• **Exercise prompt**
Output, word for word and without pictures, the lines from the one containing "A Rustic English Painted Shelf" through the final line of the listing below.

• **Material provided**
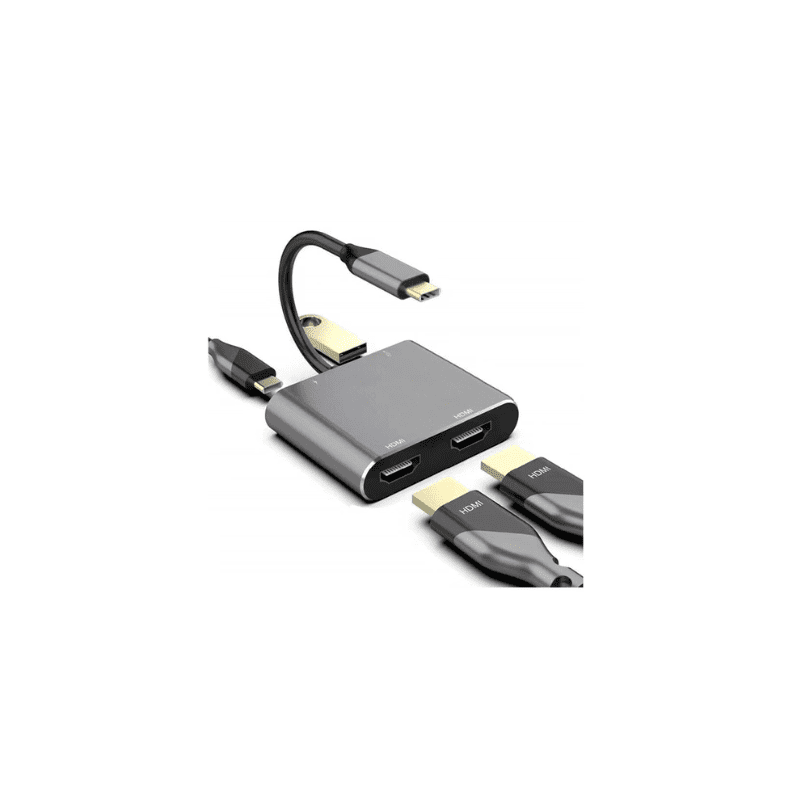 موزع لافينتو من النوع C إلى منفذ شحن HDMI USB PD من النوع C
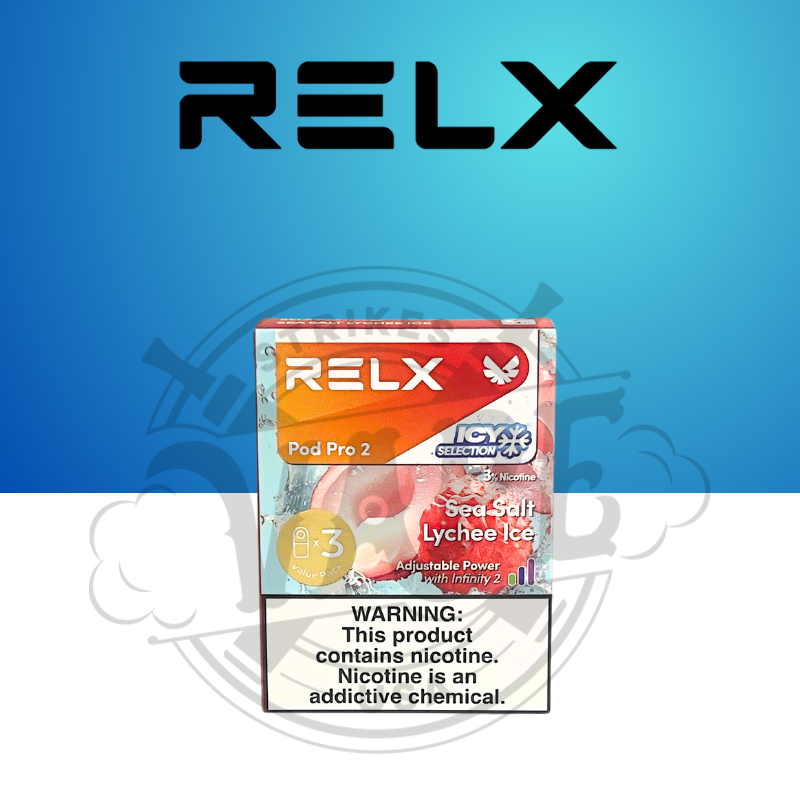 Relx Pro Pods 2 3 Pack Sea Salt Lychee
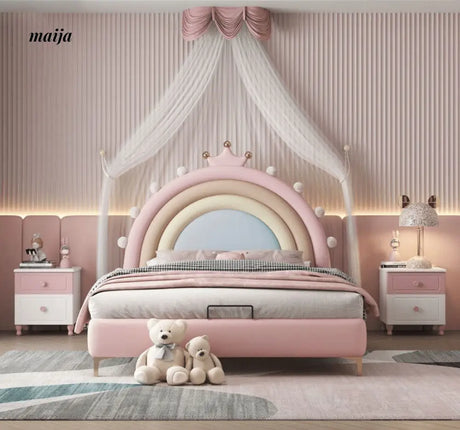 Pink Rainbow Children Bed Frame from maija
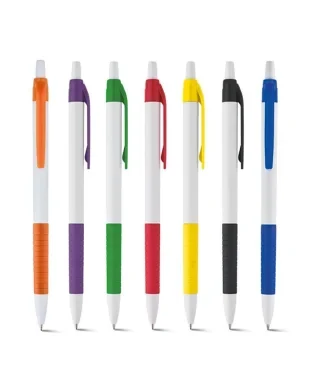Penna a sfera Aero blu con gomma antiscivolo, plastica, 14 cm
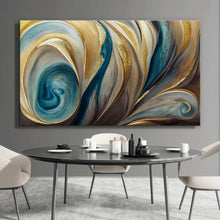 Load image into Gallery viewer, Stretched canvas wall art print – Canvas Wall Art Painting FLUID0048 – Small – 30x20 in (75x50 cm) – Iloski Art LLC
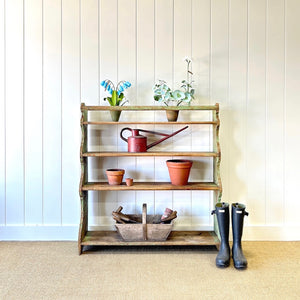 A Rustic English Painted Shelf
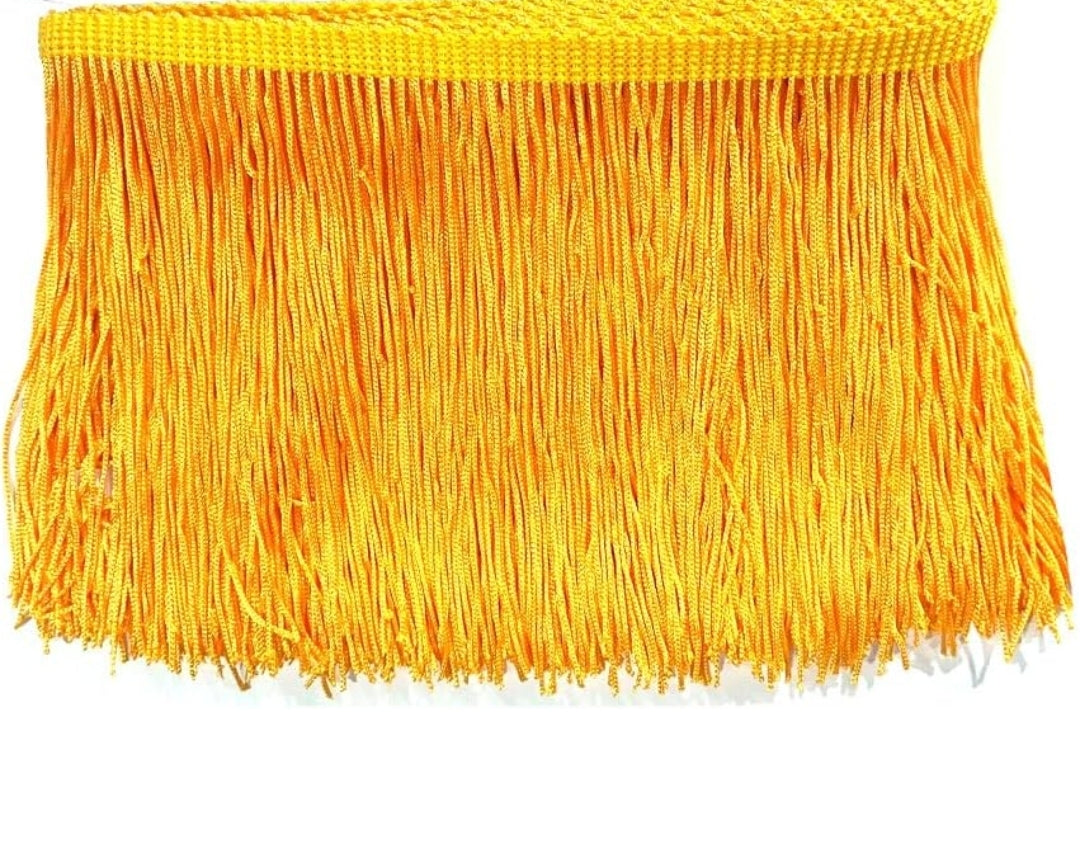4" Golden Yellow Fringe
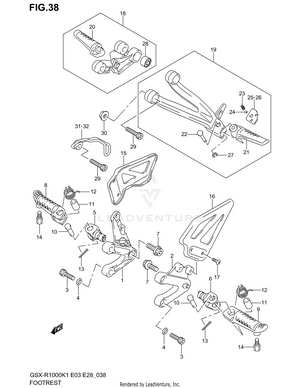 Footrest Schematic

• **Solution for this problem**
 A Rustic English Painted Shelf
4" Golden Yellow Fringe
 Footrest Schematic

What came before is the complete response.